Tarihçi Bekir Manav, Osmanlı Devleti’nin 19. yüzyıl başındaki idari düzeni içinde Isparta’nın önemli bir konuma sahip olduğunu belirterek, kentin o dönemki sosyal ve kültürel yapısına ilişkin dikkat çeken bilgiler paylaştı.

Osmanlı’nın 12 büyük eyalete ayrıldığı bu dönemde Isparta, ikinci büyük eyalet olan Anadolu Eyaleti’ne bağlı bir sancak merkezi olarak yer aldı. Anadolu Eyaleti’nin toplam 21 kazasından biri olan Isparta, aynı zamanda Eğridir, Barla, Gönen, Keçiborlu ve Yalvaç gibi önemli yerleşimlerle birlikte eyaletin batı hattında stratejik bir merkez konumundaydı.
“Sancak merkezliği yapan güçlü bir şehir”
Tarihçi Bekir Manav, Isparta’nın 19. yüzyıldaki konumunu şu başlıklarla özetledi:
• Sancak merkezliği yaptı.
• Sadr-ı âzam yetiştiren bir merkezdi.
• Güvenli ve olaysız bir şehir olarak biliniyordu.

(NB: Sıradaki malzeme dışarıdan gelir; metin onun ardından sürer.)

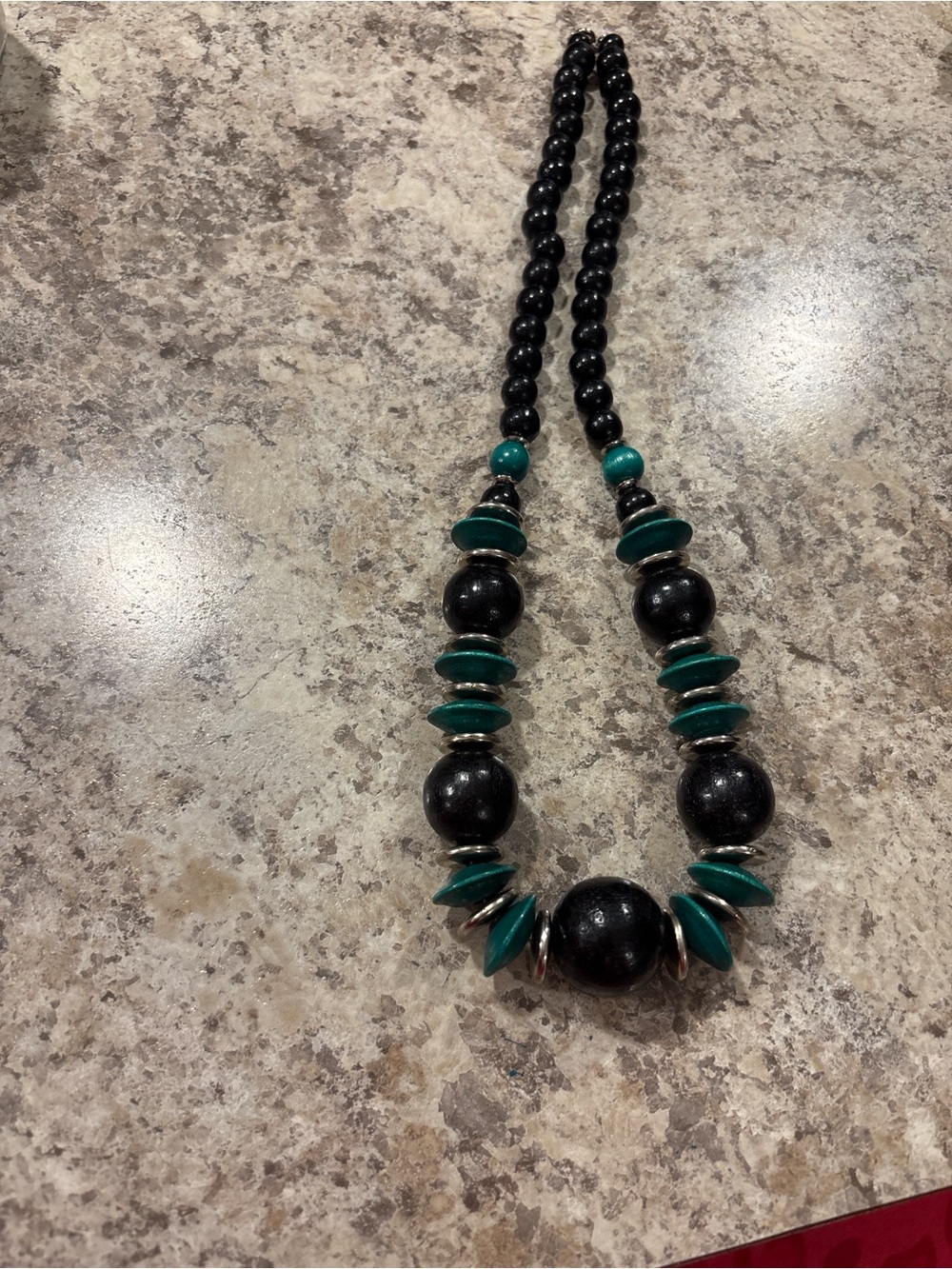 Black and Teal Beaded Statement Necklace - Women Jewelry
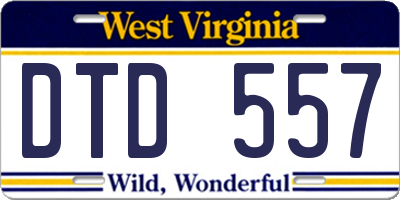 WV license plate DTD557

• İlim merkezleri arasında önemli bir yere sahipti.
• Bol su kaynakları ve geniş bostanlarıyla meşhurdu.
• Padişah hocaları yetiştiren bir eğitim merkeziydi.
• Yörük hareketlerinin merkezi durumundaydı.
• Ahilik ve zanaatkârlıkta zirve noktaya ulaşmıştı.
• Ortak bir medeniyet kültürü oluşturulmuştu.
• 50’ye yakın ziyaretgâh bulunuyordu.
Dönemin Isparta’sında sosyal hayatın detaylı envanteri
Manav’ın paylaştığı verilere göre, 19. yüzyıl başında Isparta’da:
• 14 cami,
• 8 medrese,
• 377 ciltlik bir kütüphane,
• 9 kilise,
• 1 rüştiye,
• 3 hurufat mektebi,
• 37 sıbyan mektebi,
• 6 hamam,
• 7 han,
• 3 şadırvan,
• 364 çeşme,
• 18 değirmen,
• 1 bedesten,
• 1 telgrafhane,
• 1 kışla,
• 1 hükümet konağı bulunuyordu.
Kentte ayrıca 101 tüccar, 25 bakkal, 11 fırın, 12 helvacı, 6 aşçı, 10 kasap, 200 keşkfer, 20 haffaf, 30 kunduracı, 14 muytap, 20 kalaycı, 21 demirci, 9 çilingir, 5 çakmakçı, 3 bakırcı, 7 kuyumcu, 12 nalbant, 14 semerci, 26 berber ve 108 çulha faaliyet gösteriyordu. Şehirde ayrıca 13 kahvehane de sosyal hayatın önemli alanlarından birini oluşturuyordu.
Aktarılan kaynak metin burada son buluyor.